** Opening Data excerpt block **

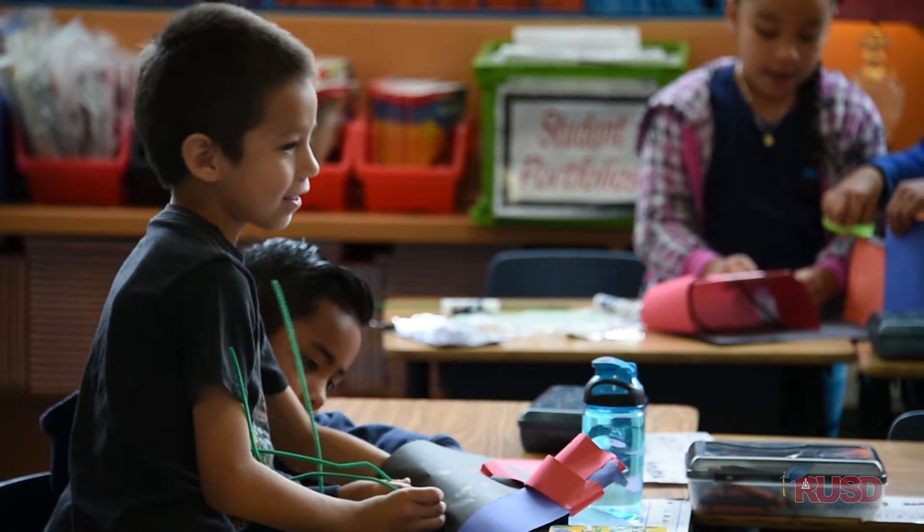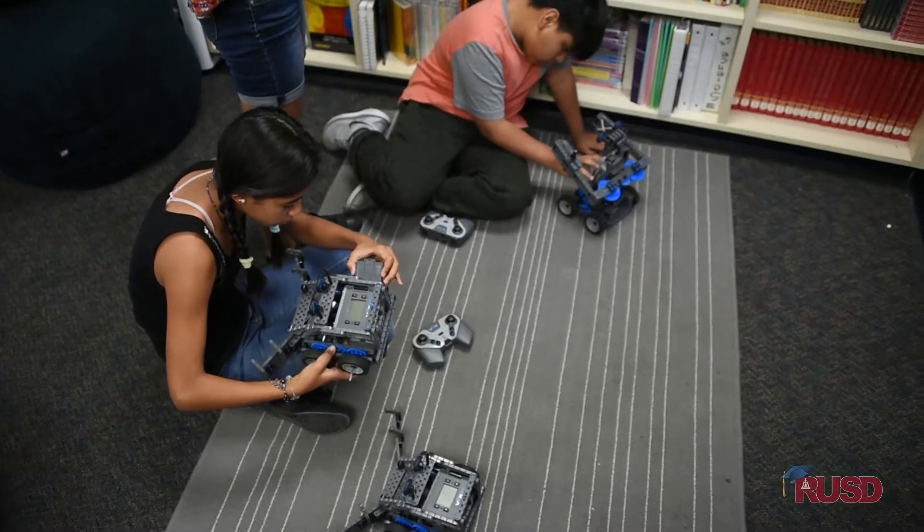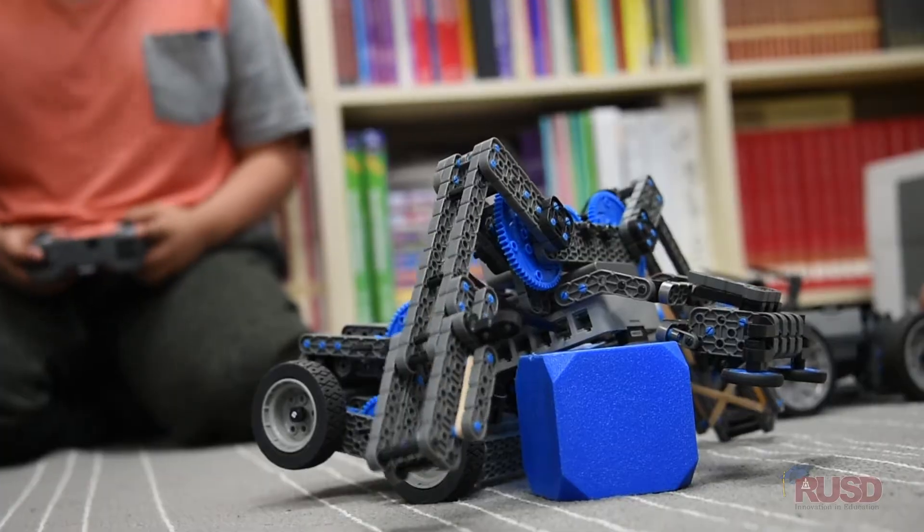Project Lead the Way is a STEM program focused on the NGSS standards. It's known as Launch for the elementary level. We wanted to see Launch in action, wanted to be able to take some pictures, share with our staff, gather information and be able to take it back to them so they'll have some background knowledge walking into training this summer.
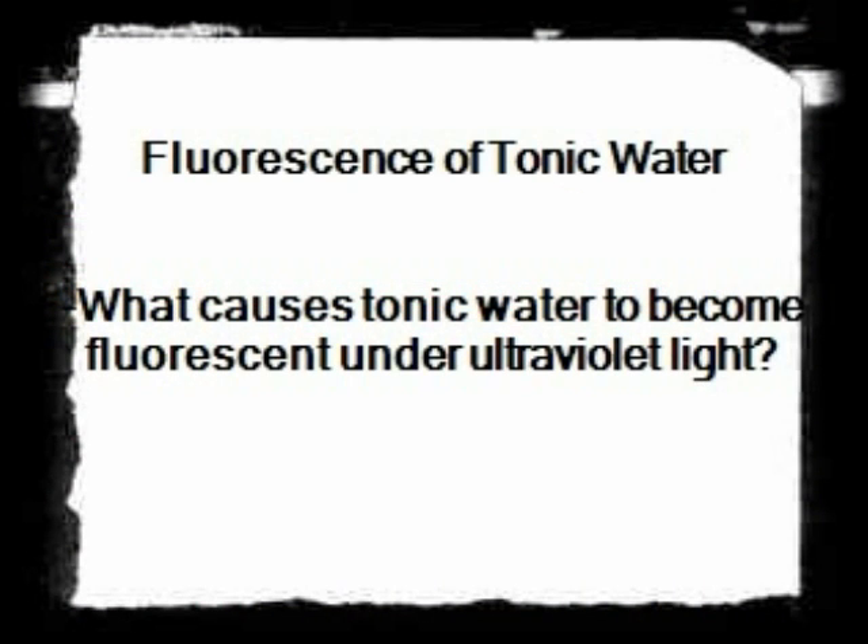Overall, the experiment with fluorescence of tonic water investigates the reaction occurring between ultraviolet light and the quinine in tonic water. Quinine undergoes the process of fluorescence due to quinine's properties being highly susceptible to becoming fluorescent when exposed under ultraviolet light. One of the main ideas of this experiment is that color results from the interaction of light with matter. The color that the solution appears to the human eye depends upon the light source used to illuminate it. For example, in this experiment, tonic water appears clear under fluorescent lighting but appears brightly colored under ultraviolet light.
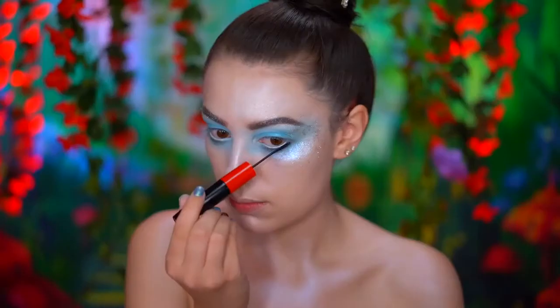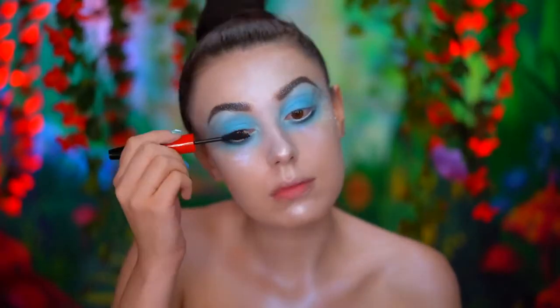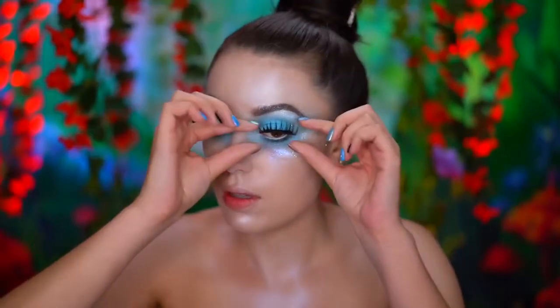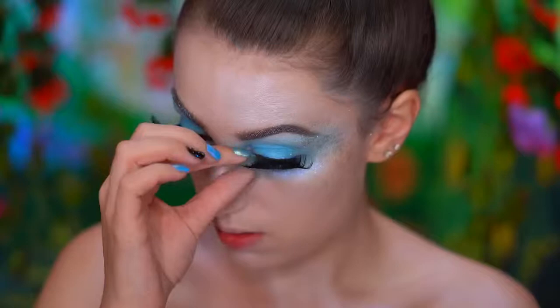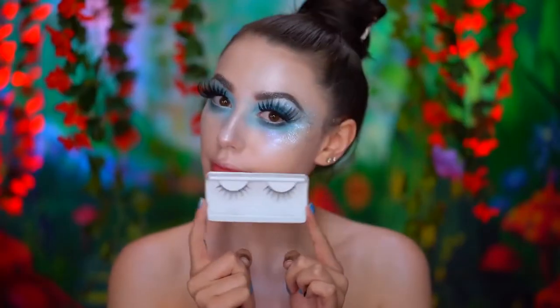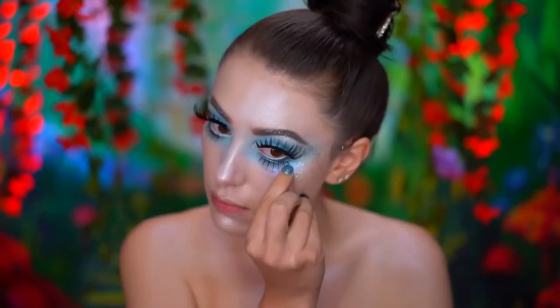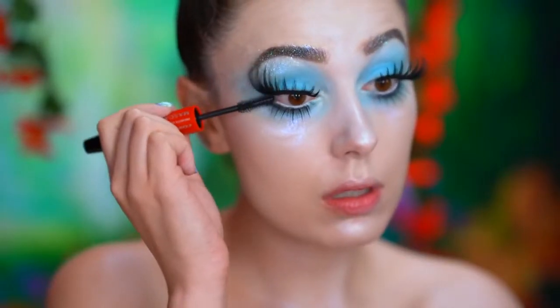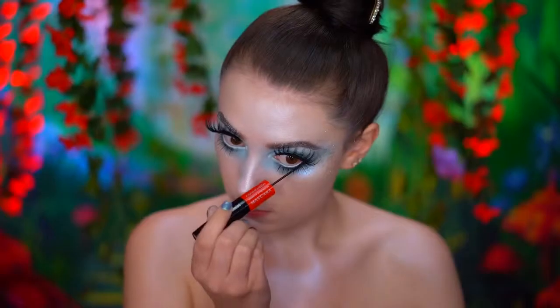Here I'm applying some mascara and big dramatic false lashes. I also applied some false lashes to the lower lash line as well for a full eye look. You can apply a bit more mascara to blend the false lashes in with your real ones.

** Closing Data excerpt block **

* _Problem to work on_: Transcribe the listing above verbatim. Omit the pictures.

* _Answer for the task_:
Project Lead the Way is a STEM program focused on the NGSS standards. It's known as Launch for the elementary level. We wanted to see Launch in action, wanted to be able to take some pictures, share with our staff, gather information and be able to take it back to them so they'll have some background knowledge walking into training this summer.
Overall, the experiment with fluorescence of tonic water investigates the reaction occurring between ultraviolet light and the quinine in tonic water. Quinine undergoes the process of fluorescence due to quinine's properties being highly susceptible to becoming fluorescent when exposed under ultraviolet light. One of the main ideas of this experiment is that color results from the interaction of light with matter. The color that the solution appears to the human eye depends upon the light source used to illuminate it. For example, in this experiment, tonic water appears clear under fluorescent lighting but appears brightly colored under ultraviolet light.
Here I'm applying some mascara and big dramatic false lashes. I also applied some false lashes to the lower lash line as well for a full eye look. You can apply a bit more mascara to blend the false lashes in with your real ones.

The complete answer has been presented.